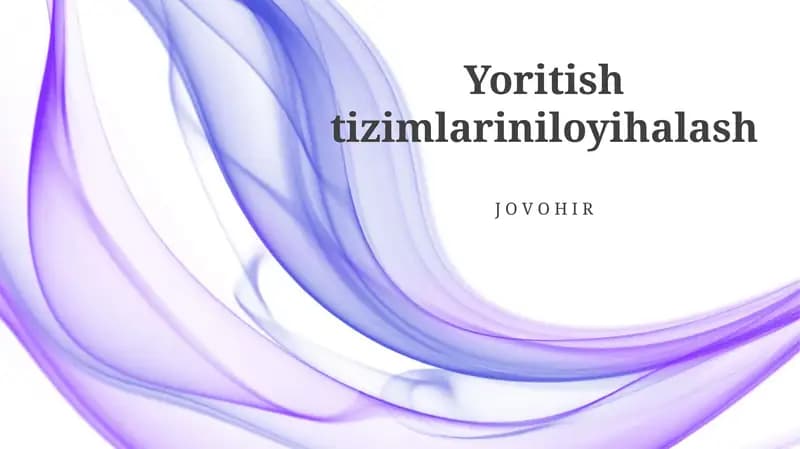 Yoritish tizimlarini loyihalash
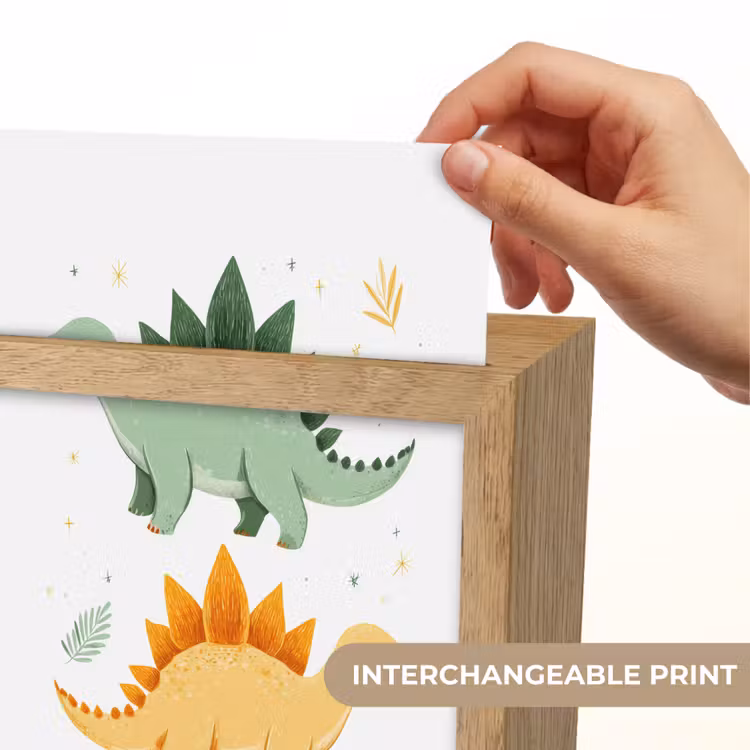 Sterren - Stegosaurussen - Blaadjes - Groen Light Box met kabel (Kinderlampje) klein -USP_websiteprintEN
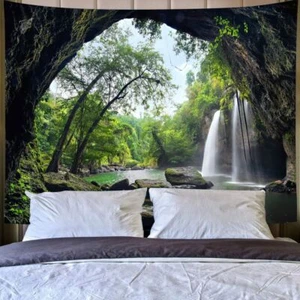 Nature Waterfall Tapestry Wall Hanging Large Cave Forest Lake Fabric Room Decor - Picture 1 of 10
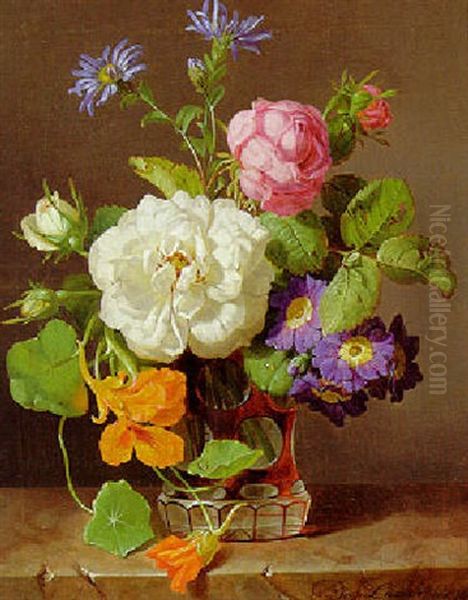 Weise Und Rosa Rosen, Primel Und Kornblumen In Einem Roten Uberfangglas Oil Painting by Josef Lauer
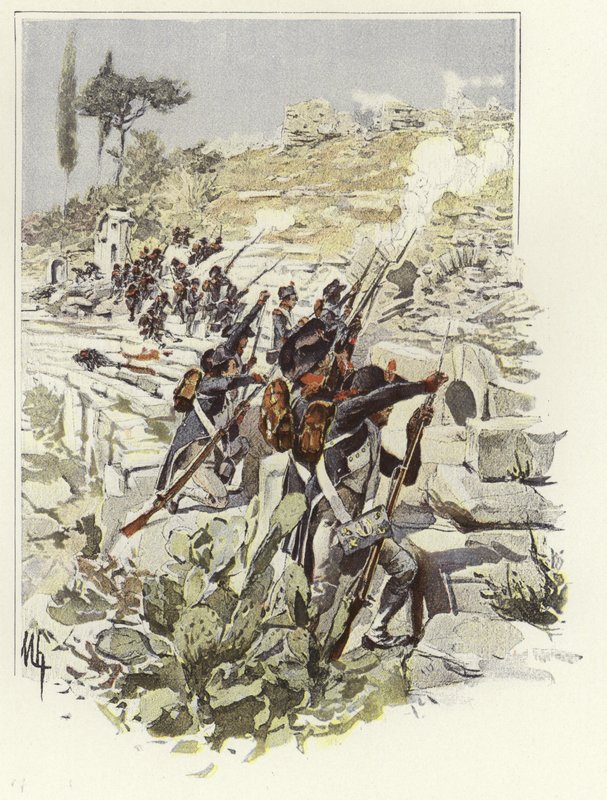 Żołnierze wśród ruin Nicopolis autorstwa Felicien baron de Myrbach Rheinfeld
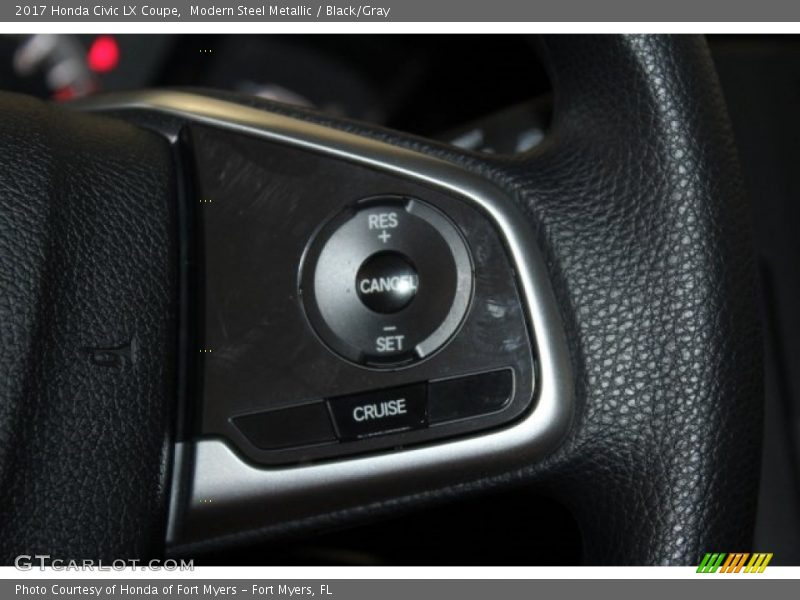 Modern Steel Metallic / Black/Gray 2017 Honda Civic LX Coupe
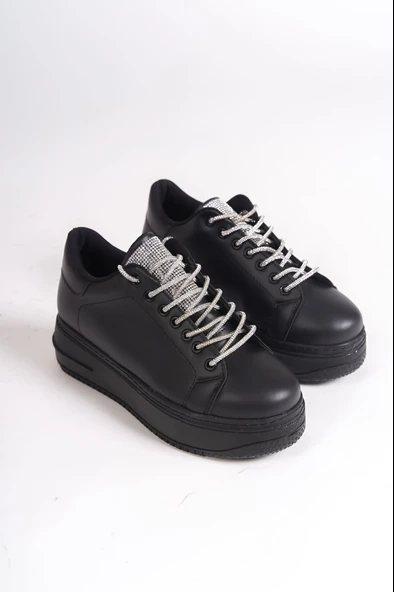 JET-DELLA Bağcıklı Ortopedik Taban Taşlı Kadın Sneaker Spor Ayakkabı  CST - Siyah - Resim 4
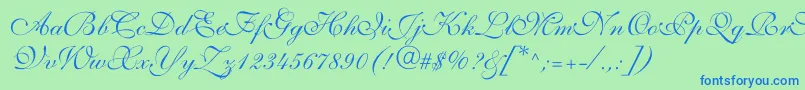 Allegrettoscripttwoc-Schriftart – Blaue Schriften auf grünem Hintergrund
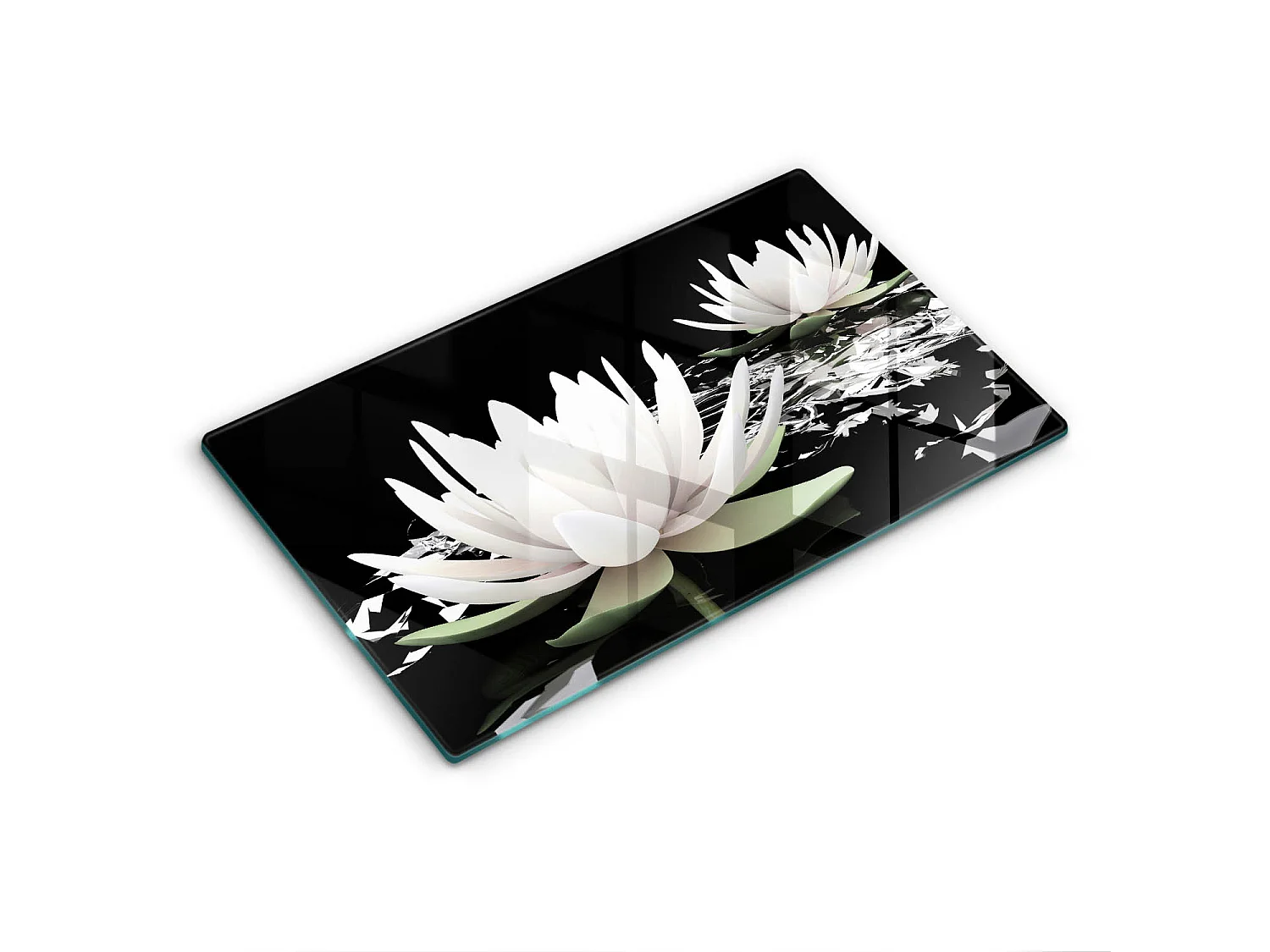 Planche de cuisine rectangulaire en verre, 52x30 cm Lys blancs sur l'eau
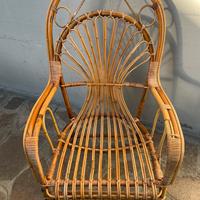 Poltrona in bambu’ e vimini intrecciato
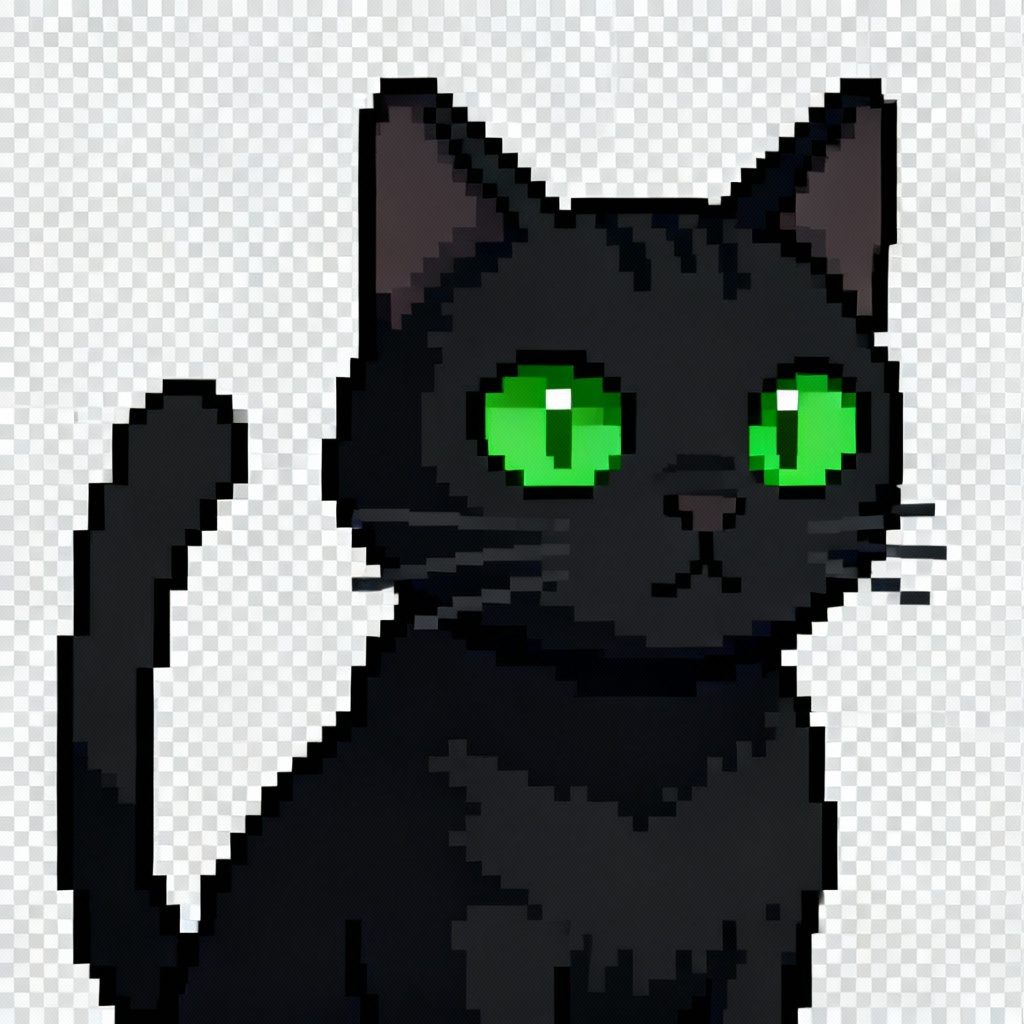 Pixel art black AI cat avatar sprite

[How to complete this task]: When you set down the records above, copy every line exactly and exclude the pictures.

[Written answer]:
 Yoritish tizimlarini loyihalash
 Sterren - Stegosaurussen - Blaadjes - Groen Light Box met kabel (Kinderlampje) klein -USP_websiteprintEN
 Nature Waterfall Tapestry Wall Hanging Large Cave Forest Lake Fabric Room Decor - Picture 1 of 10
 Weise Und Rosa Rosen, Primel Und Kornblumen In Einem Roten Uberfangglas Oil Painting by Josef Lauer
 Żołnierze wśród ruin Nicopolis autorstwa Felicien baron de Myrbach Rheinfeld
 Modern Steel Metallic / Black/Gray 2017 Honda Civic LX Coupe
 JET-DELLA Bağcıklı Ortopedik Taban Taşlı Kadın Sneaker Spor Ayakkabı  CST - Siyah - Resim 4
 Allegrettoscripttwoc-Schriftart – Blaue Schriften auf grünem Hintergrund
 Planche de cuisine rectangulaire en verre, 52x30 cm Lys blancs sur l'eau
 Poltrona in bambu’ e vimini intrecciato
 Pixel art black AI cat avatar sprite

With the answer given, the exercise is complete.